De Mehmet Akif Büyükatalay

Reparti de Berlin en 2019 avec le prix du meilleur premier film, Mehmet Akif Büyükatalay met en scène Oray, un musulman de deuxième génération installé en Allemagne, ex voyou qui s’est reconstruit en devenant un fervent pratiquant et dont le destin bascule, un soir d’emportement contre sa femme où il lui répète trois fois le mot « talâq ». Car ce geste synonyme de répudiation dans la loi islamique l’entraîne dès lors dans un tiraillement incessant entre son amour pour sa compagne et sa ferveur religieuse. Büyükatalay apporte de la nuance et de la complexité à un sujet propice à des raccourcis faciles sans abimer la tension prenante créée par cette épée de Damoclès étouffante. Avant, hélas, qu’elle ne délite dans un épilogue bien trop confus et rapide.
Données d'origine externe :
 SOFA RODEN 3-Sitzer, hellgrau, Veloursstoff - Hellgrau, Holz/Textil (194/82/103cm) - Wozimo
Comme si à la manière d’Oray, Büyükatalay ne savait pas comment mettre un terme à ce dilemme.

Thierry Cheze

LE PERIMETRE DE KAMSE ★★☆☆☆

De Olivier Zuchuat

Durant deux ans, le réalisateur Olivier Zuchuat a posé sa caméra à Kamsé, dans le Nord du Burkina Faso. Un village qui s’est largement vidé de ses habitants puisque le sol desséché n’avait plus rien à leur fournir. Mais sous un soleil de plomb, ceux (surtout celles) qui ont préféré rester se sont lancé dans un chantier pharaonique pour mettre en place un réseau de digues et de mares, qui permettrait de fertiliser à nouveau les zones conquises par le désert. Les émigrés reviendront-ils ? C’est un film sur le temps en suspension, la lente évolution des paysages et le vivant qui jaillit par instants. Sans voix off ou autres artifices, à l’exception des radios qui crachent les informations locales, Zuchuat capte la réalité mais laisse libre cours à l’imagination. Un regard aussi aride qu’humain.